A chop actually floors Suzuki, but he’s back up and booting YOSHI in no time, only to run into a Western lariat. Tags get us back to Sabre and Okada, with Zack almost making the champion tap out as YOSHI-HASHI came in to kick away the Octopus stretch. A dropkick from Okada stopped Sabre, as YOSHI returned to the match, seemingly a step ahead of Sabre for once. YOSHI suplexes away a guillotine choke, but couldn’t quite get it over the line despite landing another Western lariat. Okada and Suzuki brawl on the outside as Sabre countered out of Karma, rolling YOSHI back to the mat in a cross armbar that forces the instant submission. This was quite good, with YOSHI-HASHI showing some rare fire – but I do fear that any of this is much too late for him as the die’s long since been cast on his career. ***
G1 Climax, Block B: Shingo Takagi vs. Juice Robinson
Less than a year after debuting in New Japan, Shingo’s making his G1 debut – just weeks after being the runner up in Best of the Super Junior… and you could say there’s perhaps a look of trepidation from him here.
After an early exchange of strikes, Shingo caught a leapfrog before he ended up running into a leaping leg lariat. He turned things around, pulling Juice to the outside ahead of a DDT onto the floor – and it was one-way traffic from there for a while as Shingo started to settle into a groove. More chops from Shingo sting, but Juice replied to each one of them, before a slingshot spear through the ropes got Juice right back in it. A spinebuster followed, then a crossbody that looked to bounce Shingo’s head off the mat as Juice picked up a near-fall. Takagi’s able to block the Juice Box, but not a full nelson slam as the former US champion almost took the win. Dusty punches follow, but Shingo stopped him with a lariat… then avoided a cannonball as Juice crashed and burned into the corner.

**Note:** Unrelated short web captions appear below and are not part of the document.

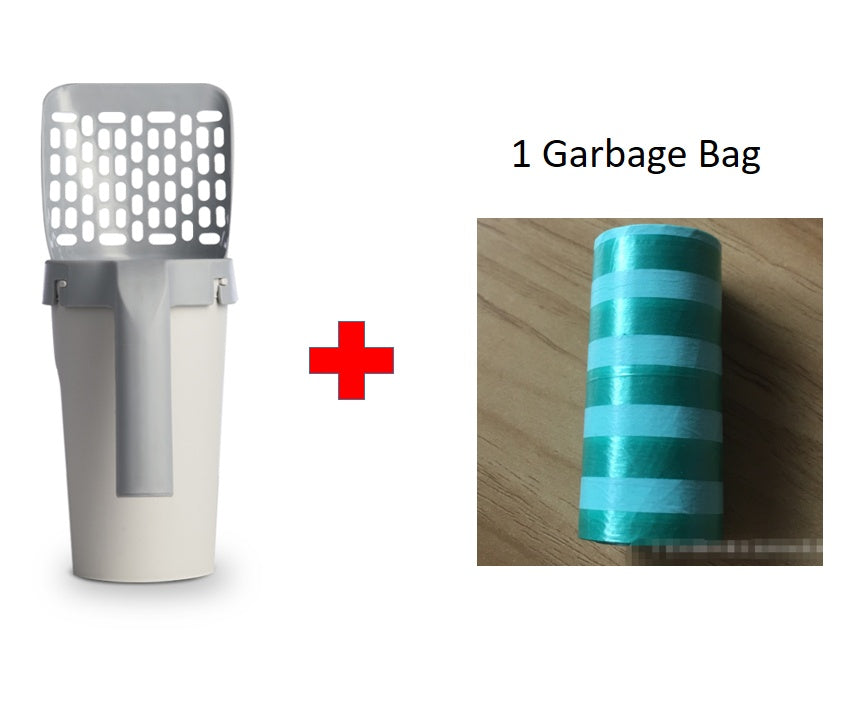 Litter Shovel and Bags - Cat -  (1-15 Bag Option)
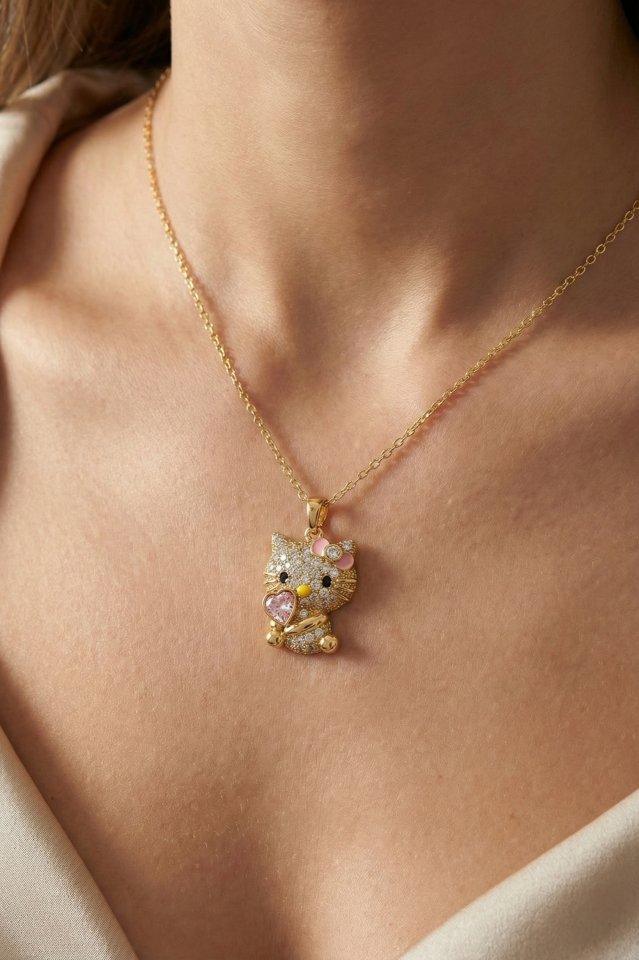 Vip Hello Kitty Kolye Gold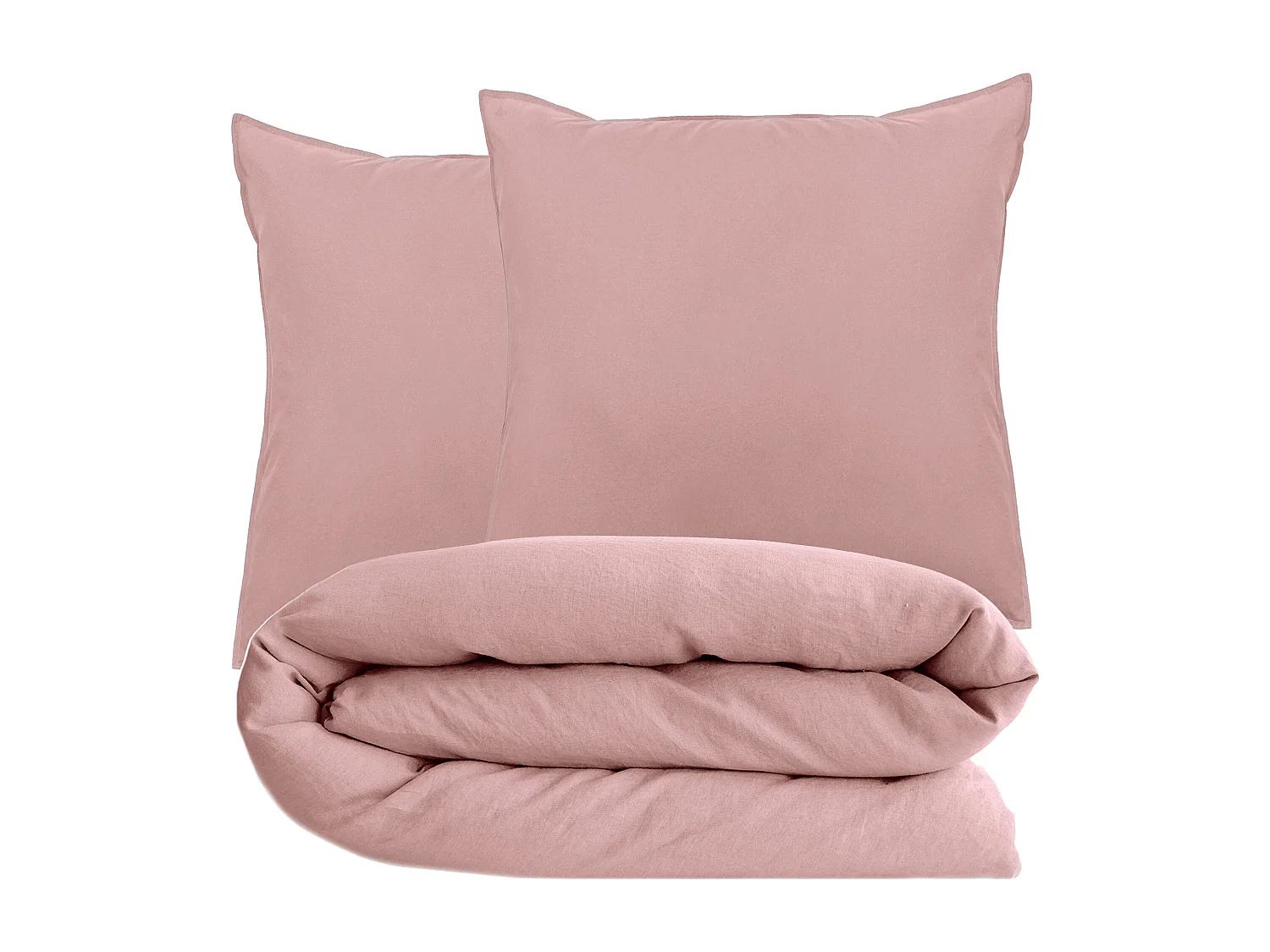 Parure de lit 280x240 cm et 65x65 cm collection OPERA rose 3 pièces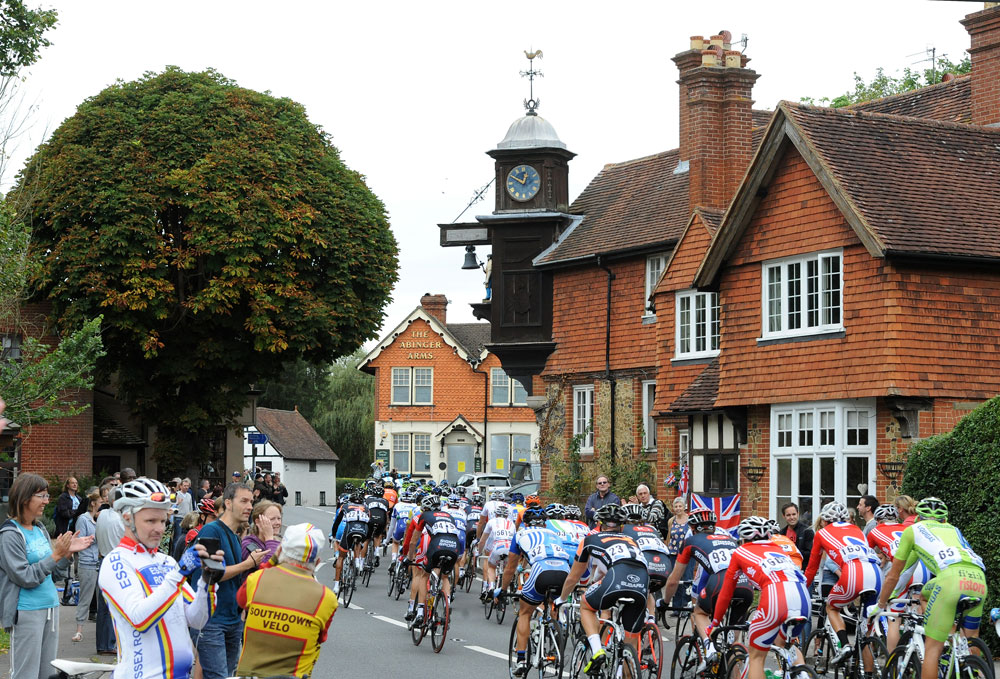 Abinger Hammer, Tour of Britain 2012, stage eight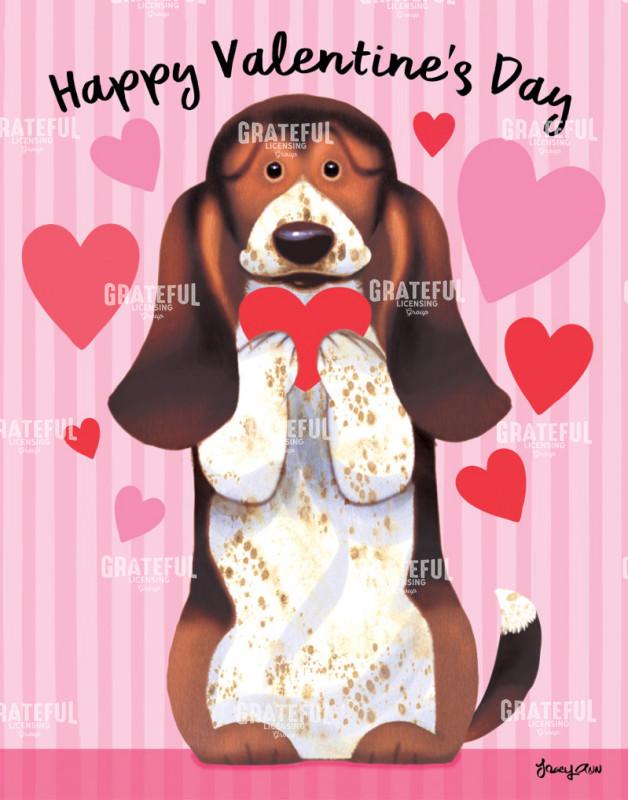Valentine Hearts Hound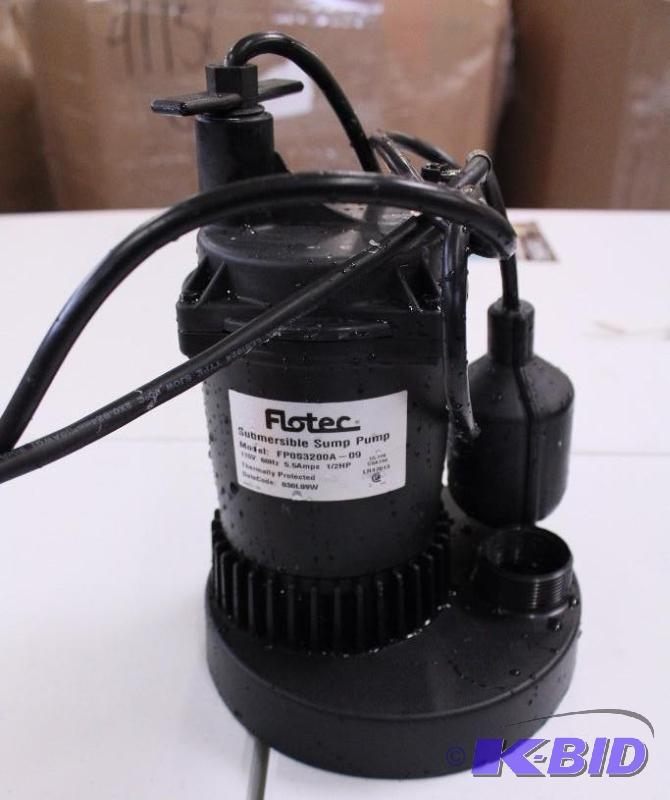 Flotec  HP sump pump, tested customer return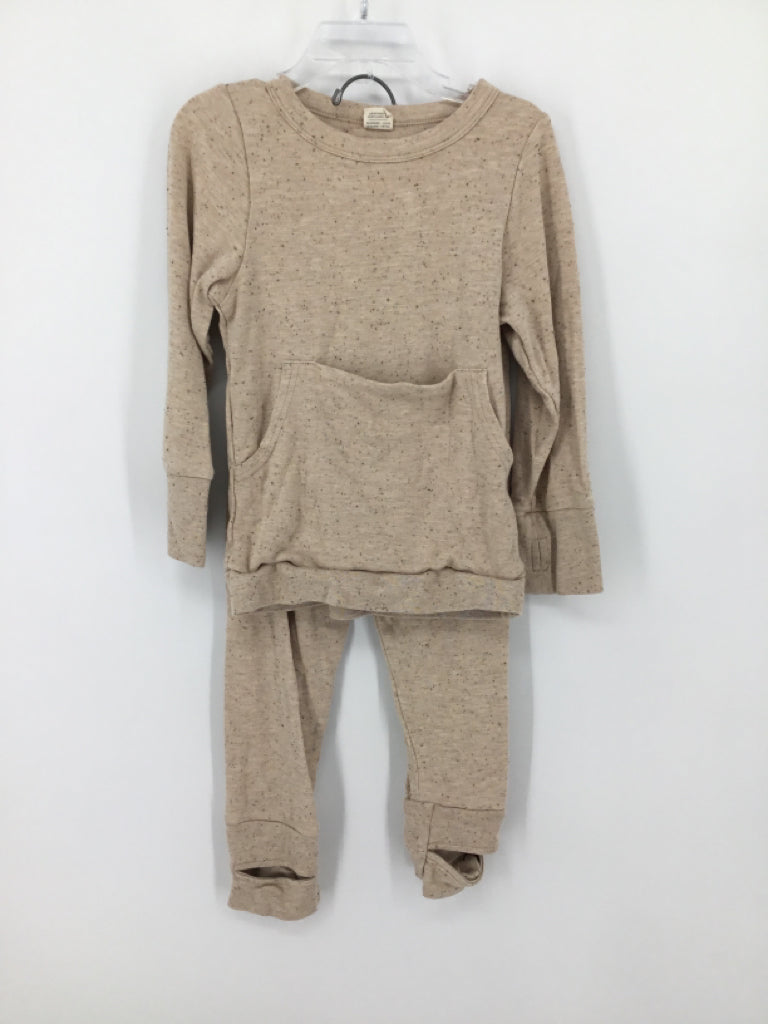 Goumi Child Size 5 Tan Speckled Outfit - boys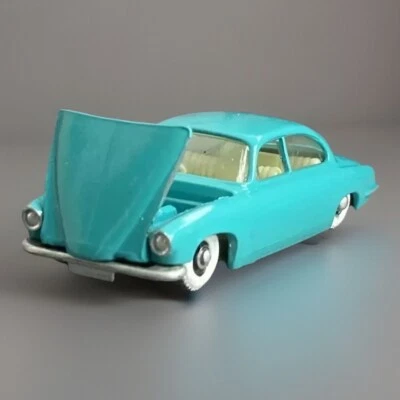 Customized Restored Matchbox No.28 Jaguar MK-10 (Baby Blue w/Whitewall Tires) - Image 1 of 4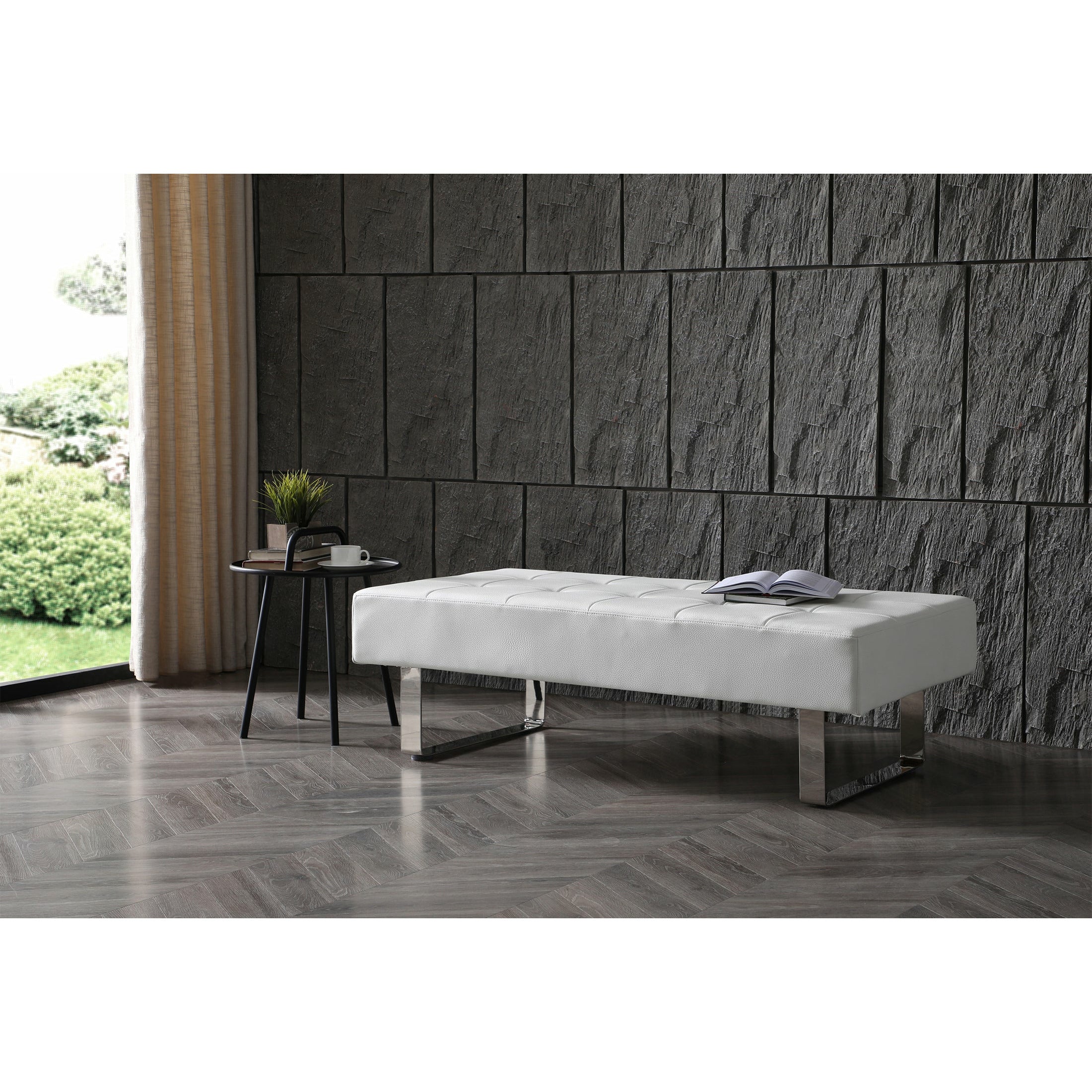 Whiteline Modern Living - Miami Bench Black BN1085P-BLK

Shingo tries to capitalise with Noshigami, but Juice slips out and finally connects with the Juice Box. That left Shingo in the corner as the cannonball finds its mark at the second try, following up with a suplex and a Jackhammer for a near-fall as Shingo was finding life among the heavyweights a little tricky. Shingo manages to avoid Pulp Friction, quickly following in with a sliding lariat. That seemed to give Juice an idea as they trade lariats, but it’s Shingo who edges ahead, dropping Juice with a Saito suplex… but he’s right back up as a lariat decked the Dragon, only for Pulp Friction to get effortlessly countered into Noshigami! Juice tries to roll away, but instead Shingo cuts him off with a massive Pumping Bomber… but it doesn’t get the win! These heavyweights be tougher than the juniors! An attempt at Made in Japan’s blocked as Juice ends up slipping out into a roll-up for a very near-fall, before two Left Hands of God softened up Shingo for Pulp Friction… and that’s the opening loss. This was absolutely superb stuff – Shingo’s not having it all his own way among the heavyweights, but Juice had to bring his A-game in order to get the win too. ****
G1 Climax, Block B: Taichi vs. Jon Moxley
This could be great, or this could be rotten. Taichi can blow hot and cold, and we’ve got a big question mark over Moxley in New Japan…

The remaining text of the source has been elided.